● **WHAT YOU ARE ASKED TO DO**
Reproduce exactly the lines below, from the first one through the line containing "Mmm, delicious! Hi, and", and omit any pictures.

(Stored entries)
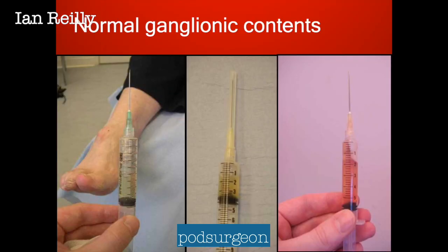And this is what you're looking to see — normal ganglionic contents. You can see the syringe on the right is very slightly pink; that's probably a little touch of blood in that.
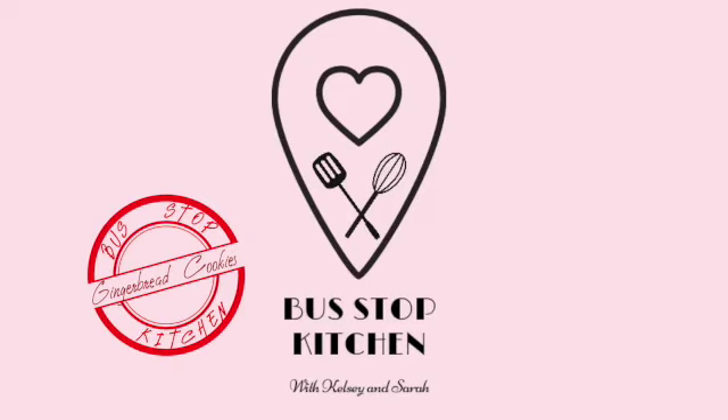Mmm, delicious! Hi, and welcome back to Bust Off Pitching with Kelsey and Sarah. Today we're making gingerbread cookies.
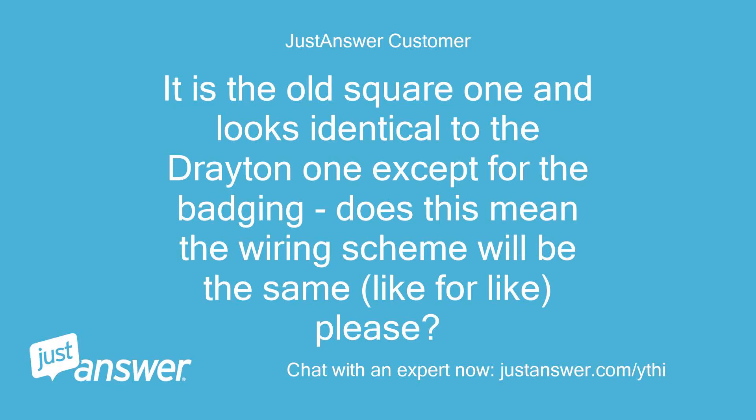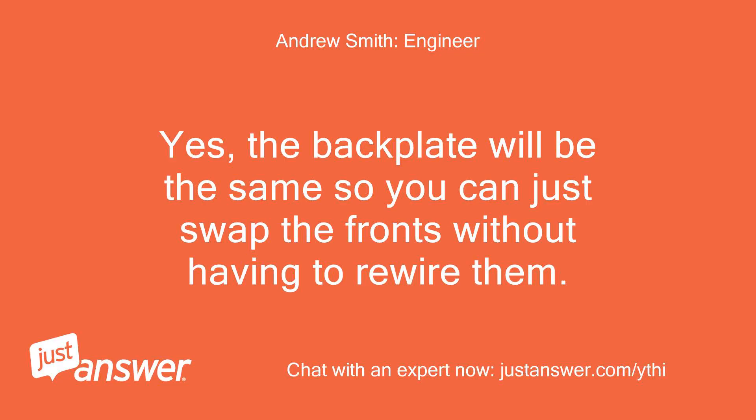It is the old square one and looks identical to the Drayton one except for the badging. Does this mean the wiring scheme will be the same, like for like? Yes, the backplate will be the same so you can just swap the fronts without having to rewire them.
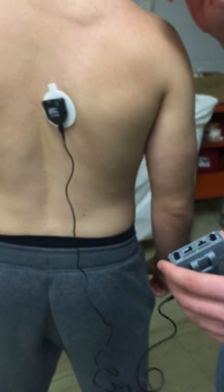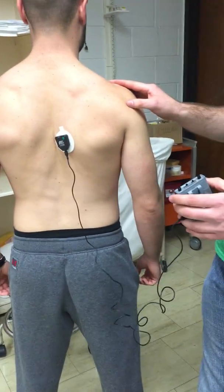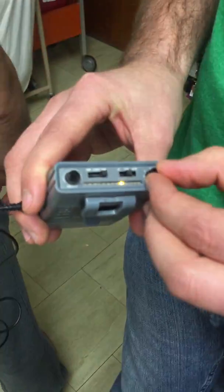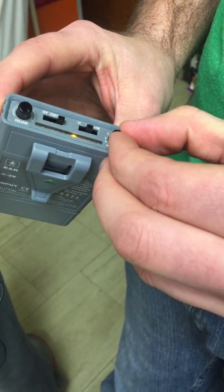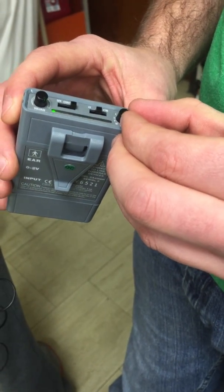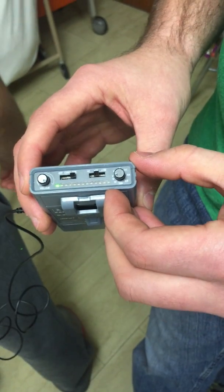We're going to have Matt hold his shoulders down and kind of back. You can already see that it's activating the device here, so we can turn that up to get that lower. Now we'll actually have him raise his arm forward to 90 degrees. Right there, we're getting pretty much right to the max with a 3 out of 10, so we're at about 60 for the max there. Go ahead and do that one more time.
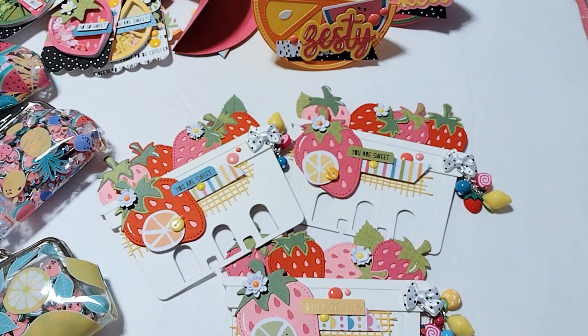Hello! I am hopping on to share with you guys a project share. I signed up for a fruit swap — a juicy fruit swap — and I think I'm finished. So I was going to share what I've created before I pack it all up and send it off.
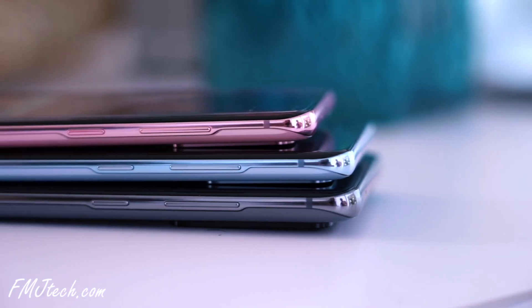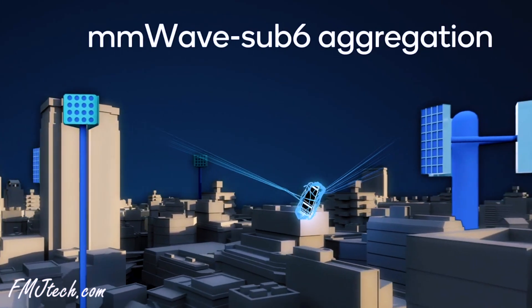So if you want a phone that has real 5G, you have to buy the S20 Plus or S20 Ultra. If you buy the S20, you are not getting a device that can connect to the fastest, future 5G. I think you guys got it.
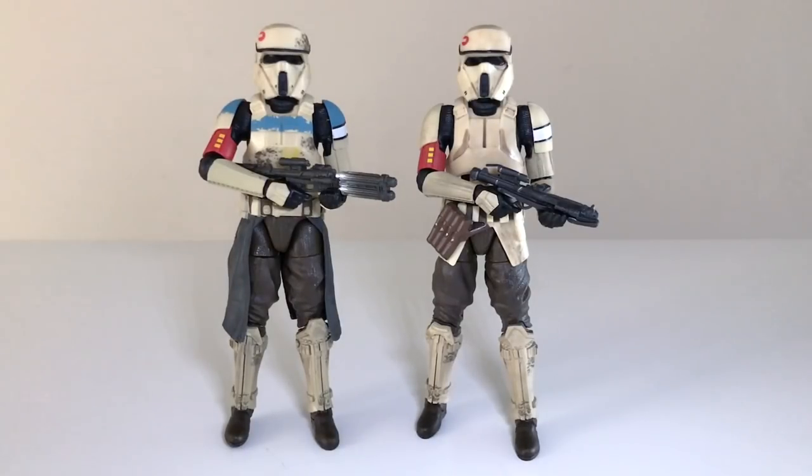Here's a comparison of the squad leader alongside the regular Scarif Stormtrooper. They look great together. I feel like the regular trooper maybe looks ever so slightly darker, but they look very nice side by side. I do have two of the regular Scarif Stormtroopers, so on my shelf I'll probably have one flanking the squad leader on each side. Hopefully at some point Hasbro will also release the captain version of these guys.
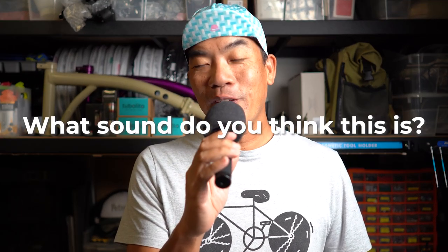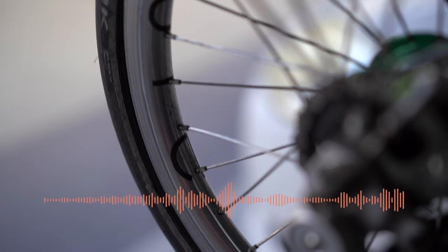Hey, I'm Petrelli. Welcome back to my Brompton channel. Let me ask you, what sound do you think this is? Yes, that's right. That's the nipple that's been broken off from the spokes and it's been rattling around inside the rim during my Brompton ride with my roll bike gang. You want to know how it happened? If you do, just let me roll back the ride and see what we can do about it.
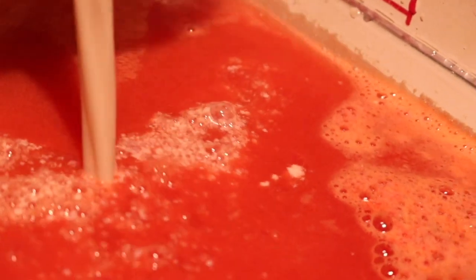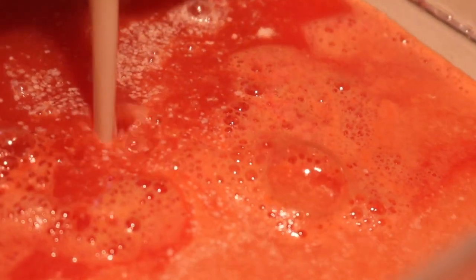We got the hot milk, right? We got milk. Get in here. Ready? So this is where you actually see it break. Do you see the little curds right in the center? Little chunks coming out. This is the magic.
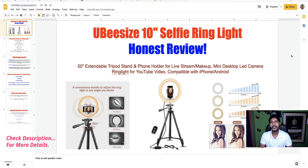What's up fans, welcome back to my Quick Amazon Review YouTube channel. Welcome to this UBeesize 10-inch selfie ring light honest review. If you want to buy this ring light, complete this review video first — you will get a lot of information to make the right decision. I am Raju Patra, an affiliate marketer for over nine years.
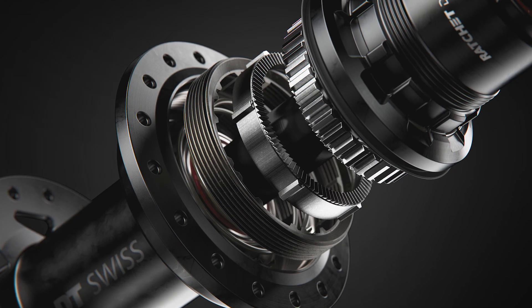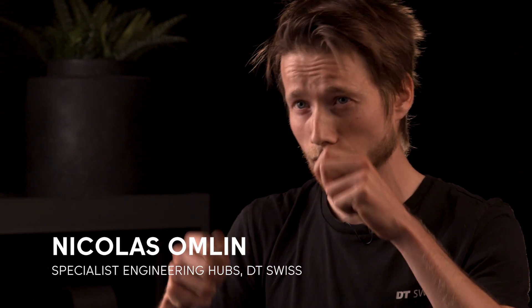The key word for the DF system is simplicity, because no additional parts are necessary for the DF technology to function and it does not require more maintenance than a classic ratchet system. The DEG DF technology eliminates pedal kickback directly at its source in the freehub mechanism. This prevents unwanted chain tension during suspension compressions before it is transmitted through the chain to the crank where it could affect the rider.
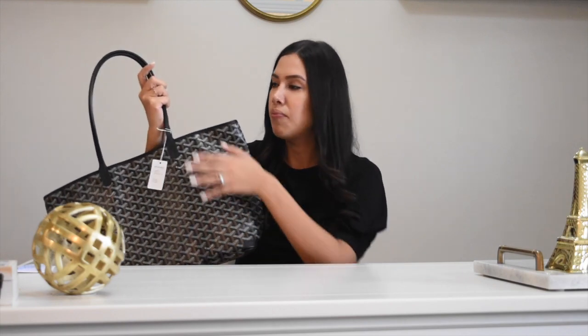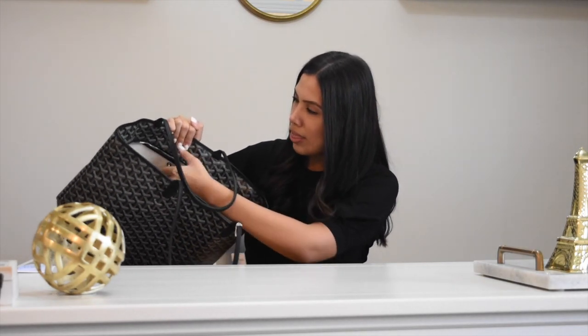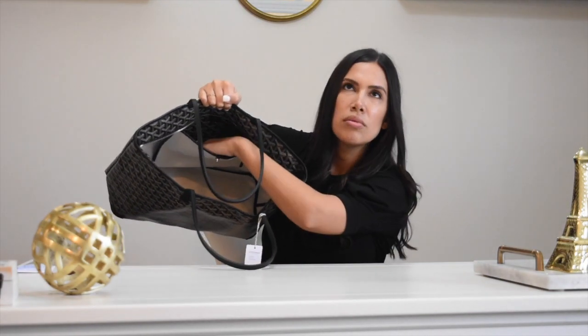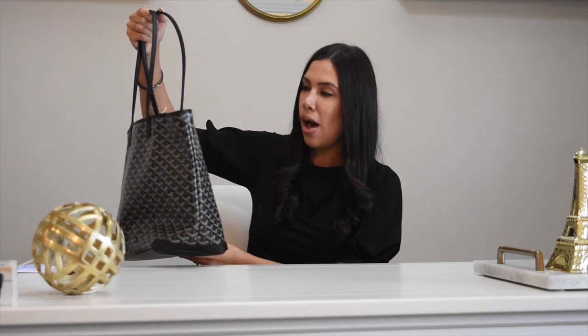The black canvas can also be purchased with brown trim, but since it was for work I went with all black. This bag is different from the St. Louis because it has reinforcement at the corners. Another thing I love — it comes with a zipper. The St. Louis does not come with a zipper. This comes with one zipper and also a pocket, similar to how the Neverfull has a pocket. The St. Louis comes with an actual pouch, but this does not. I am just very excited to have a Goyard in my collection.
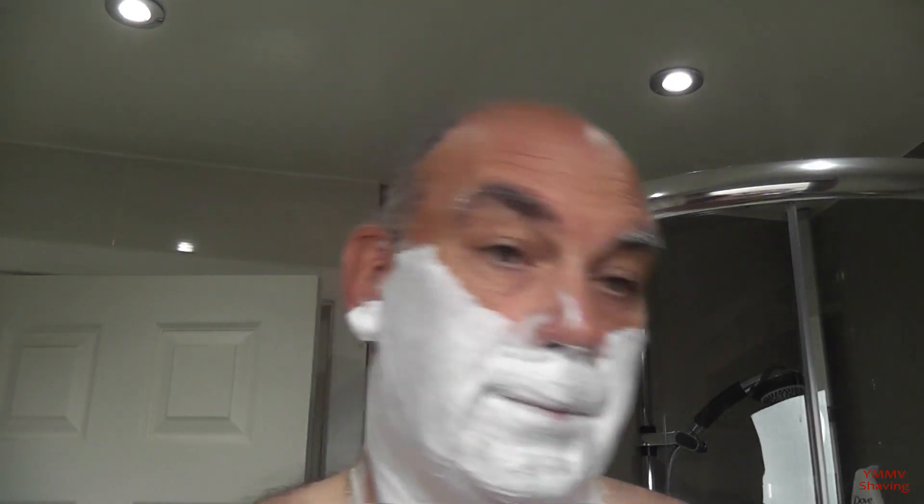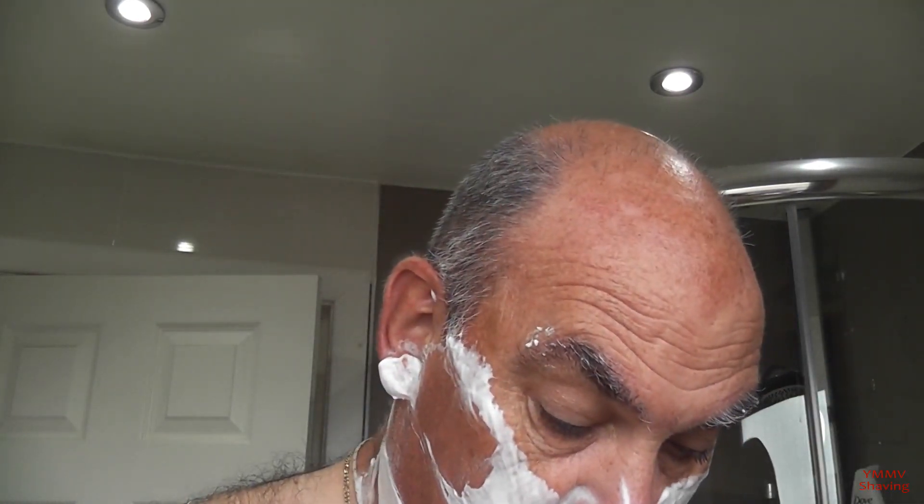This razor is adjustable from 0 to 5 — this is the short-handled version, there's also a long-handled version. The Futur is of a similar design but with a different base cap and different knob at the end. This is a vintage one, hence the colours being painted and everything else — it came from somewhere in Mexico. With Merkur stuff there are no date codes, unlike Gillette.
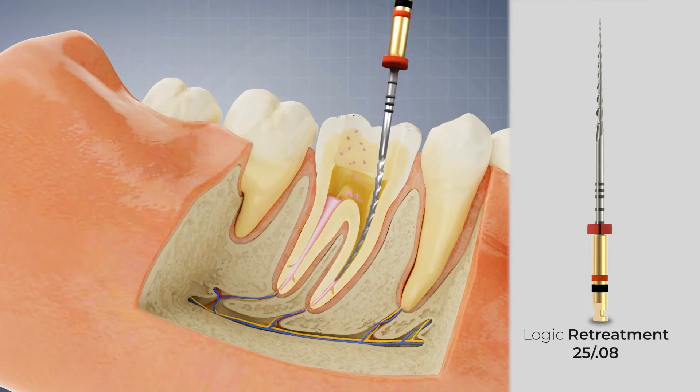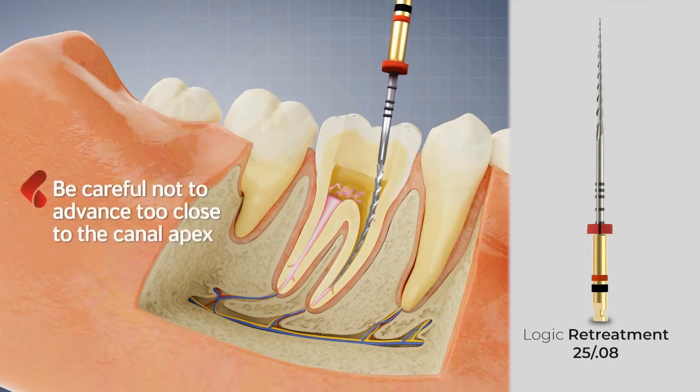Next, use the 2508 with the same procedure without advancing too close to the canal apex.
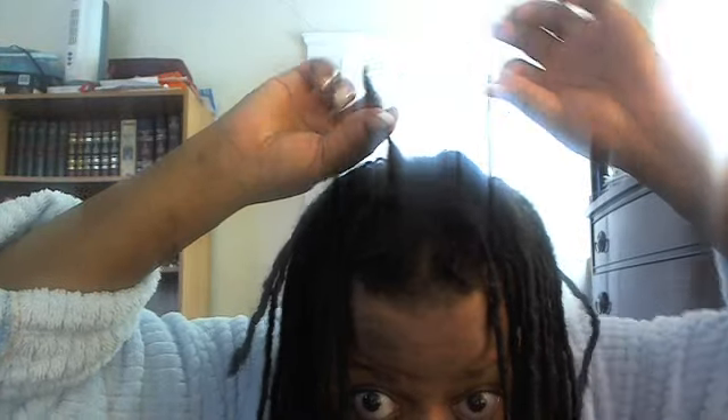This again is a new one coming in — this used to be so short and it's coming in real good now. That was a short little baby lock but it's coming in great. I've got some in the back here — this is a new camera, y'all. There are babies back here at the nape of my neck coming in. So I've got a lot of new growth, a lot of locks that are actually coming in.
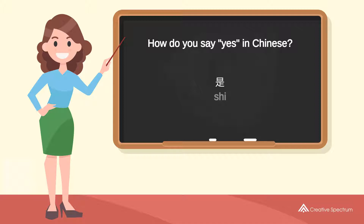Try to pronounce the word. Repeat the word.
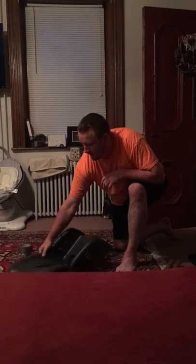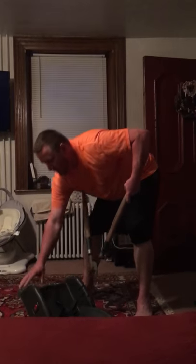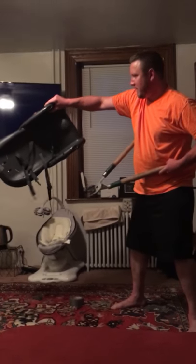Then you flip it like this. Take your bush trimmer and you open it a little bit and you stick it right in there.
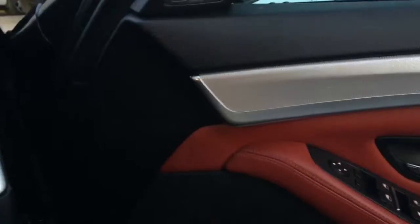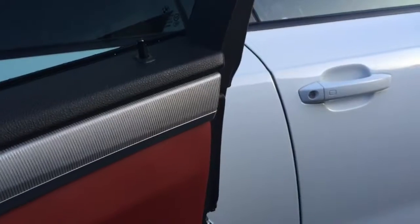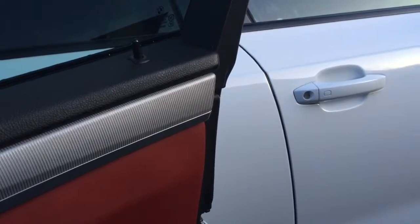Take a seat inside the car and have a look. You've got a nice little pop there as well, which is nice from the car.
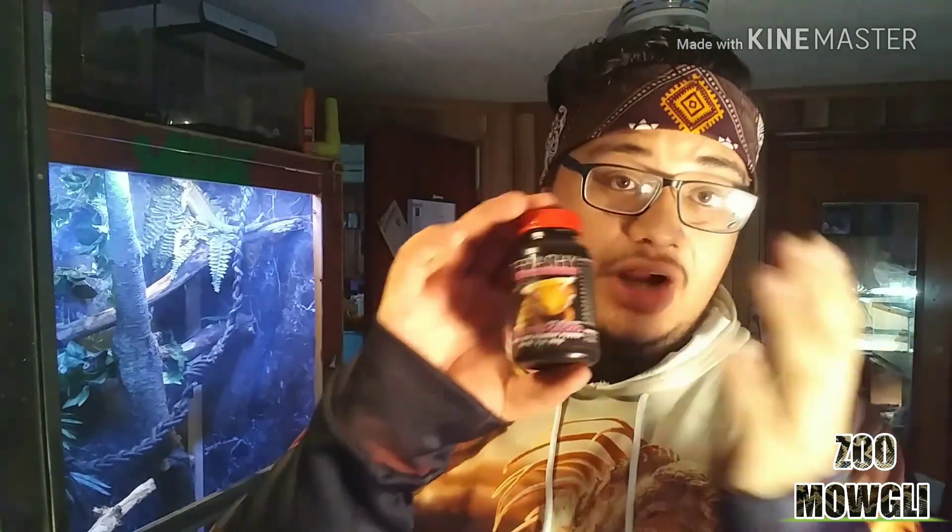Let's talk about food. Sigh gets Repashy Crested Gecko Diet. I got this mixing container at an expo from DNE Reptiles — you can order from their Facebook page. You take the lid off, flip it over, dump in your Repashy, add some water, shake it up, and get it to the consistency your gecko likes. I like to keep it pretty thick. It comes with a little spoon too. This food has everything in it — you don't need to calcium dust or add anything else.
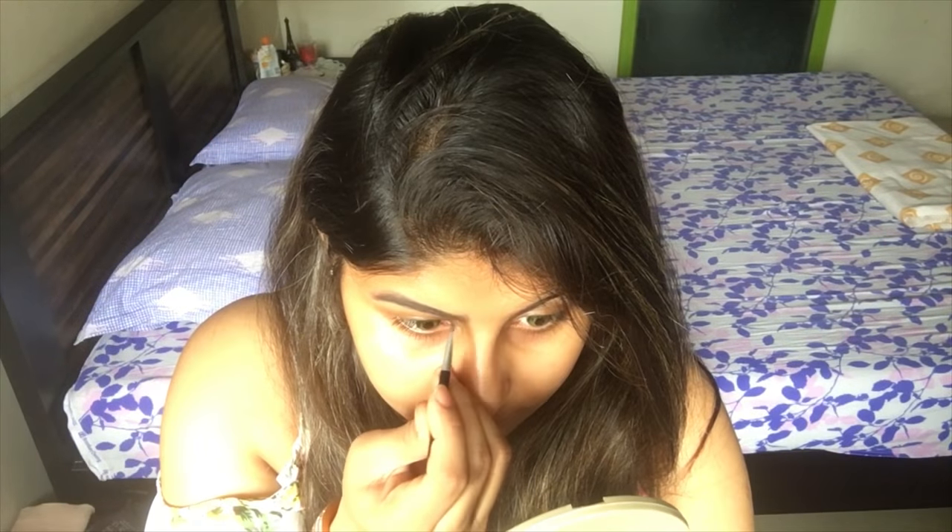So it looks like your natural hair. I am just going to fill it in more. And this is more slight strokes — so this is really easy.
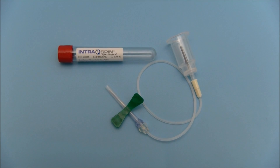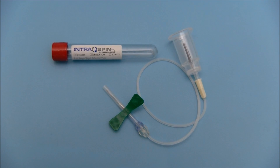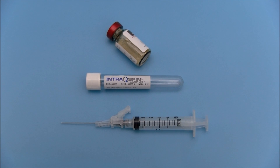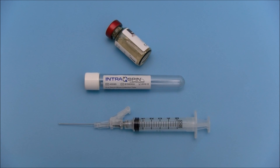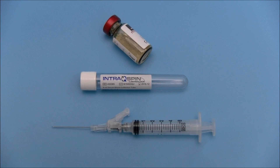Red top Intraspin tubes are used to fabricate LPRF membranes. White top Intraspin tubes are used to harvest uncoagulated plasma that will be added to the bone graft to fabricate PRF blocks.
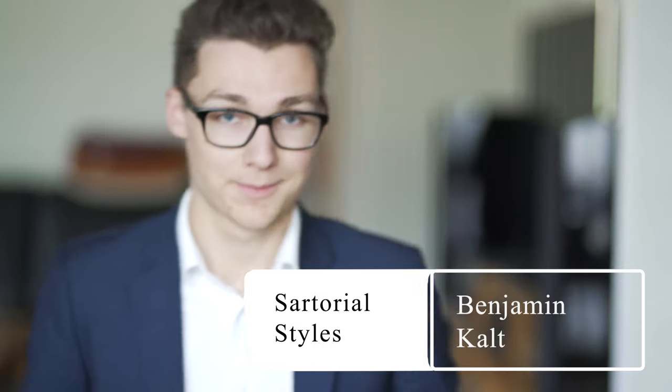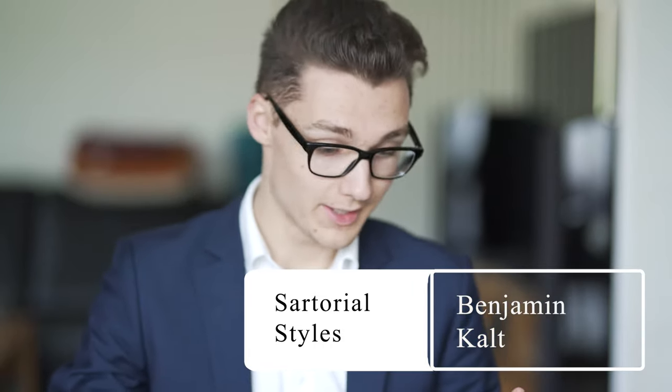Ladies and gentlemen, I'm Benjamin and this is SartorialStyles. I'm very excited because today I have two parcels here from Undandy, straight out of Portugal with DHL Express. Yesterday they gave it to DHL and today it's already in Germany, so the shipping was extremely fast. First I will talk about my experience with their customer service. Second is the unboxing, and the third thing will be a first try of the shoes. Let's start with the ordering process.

● **OUTPUT FOR THIS EXERCISE**
And this is what you're looking to see — normal ganglionic contents. You can see the syringe on the right is very slightly pink; that's probably a little touch of blood in that.
Mmm, delicious! Hi, and welcome back to Bust Off Pitching with Kelsey and Sarah. Today we're making gingerbread cookies.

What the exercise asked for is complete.